Australia will replace its carbon tax with an emissions trading scheme (ETS) a year earlier than planned should Prime Minister Kevin Rudd’s Labor government win this year’s election. Rudd said today he wants the fixed price on carbon emissions to end on 30 June 2014, with a floating market linked to the European Union’s ETS opening the following day.
The Prime Minister’s announcement that he would “terminate the carbon tax” will likely see prices drop from the mandated A$25 (£15.20) a tonne in 2014-15 to a floating price the government estimates at around A$6 (£3.60). The expected shortfall of around A$3.8bn (£2.3bn) over four years is to be covered by savings of A$3.9bn from a range of measures, including ending an energy security fund programme two years early and changes to tax incentives for company cars.

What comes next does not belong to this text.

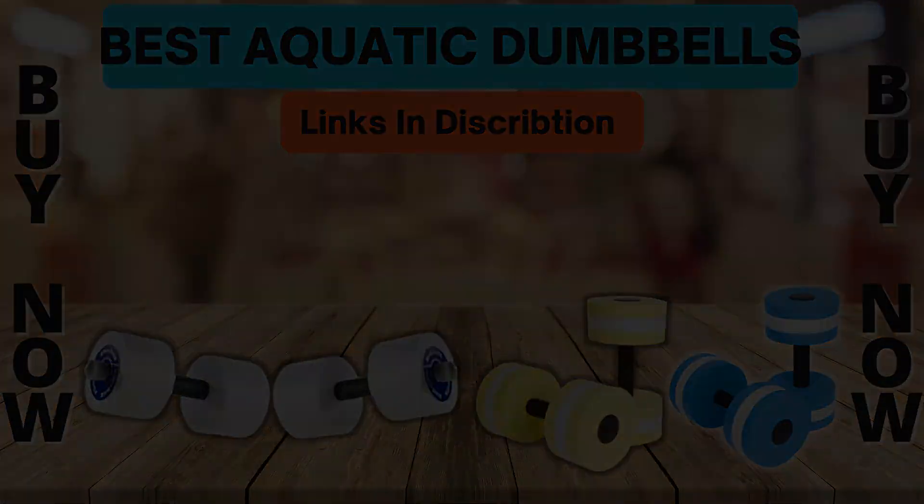Comes in choice of resistance and buoyancy levels. Great for aquatic activities including therapy, increasing range of motion, strength, and flexibility. Four pounds of force needed to submerge. Significant difference in resistance between colors. Great resistance and durability for the price. Cons: Don't dry quickly, so consider this if transporting. Bottom line: A trusted name in therapy, TheraBand offers these dumbbells with a choice in buoyancy and resistance.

However, several environmental funds will also be raided, with A$200m (£121m) cut from the government’s carbon capture and storage programme, A$213m (£129m) cut from its biodiversity fund and A$200m (£121m) stripped from a clean technology programme. Rudd said the changes would save billions of dollars in carbon costs for the 300 large businesses covered by the carbon tax policy, while also saving householders around A$380 (£231) a year through lower electricity and other prices.
“The government has decided to terminate the carbon tax to help cost of living pressures for families and to reduce costs for small businesses,” Rudd told reporters at a media conference in Queensland. “This is modest relief, but it is real.” The tax had proved unpopular since it was first introduced by Rudd’s predecessor Julia Gillard as her central policy to cut carbon emissions by five per cent by 2020.
Businesses had complained the carbon price was significantly higher than other carbon mechanisms around the globe, such as the EU ETS, where prices have stayed rooted between €3 and €5 per tonne. A plan to withhold 900 million credits from auction temporarily is expected to lead to modest increases in carbon prices, but concerns remain higher prices will not be delivered until significant reforms to the market are introduced.
Opposition leader Tony Abbott has vowed to ditch the carbon price system if he wins the national elections, which are due between late August and November. Abbott, who was campaigning in Tasmania today, said: “What Mr Rudd has announced today is not the abolition of the carbon tax. He has simply brought forward the start of Julia Gillard’s carbon tax by one year.”
Environmental campaign groups called on the government to move to a 25 per cent carbon emissions target for 2020 – a level both parties have said should only be adopted if there is strong and coordinated international action. Meanwhile, Green Party leader Senator Christine Milne, who helped push through the carbon-pricing scheme with Gillard, attacked the proposed cuts to environmental programmes.
“You don’t protect the environment by cutting environmental programmes,” she said. “They are going to cut $1bn from programmes that actually helped protect the environment… in order to make a political point.”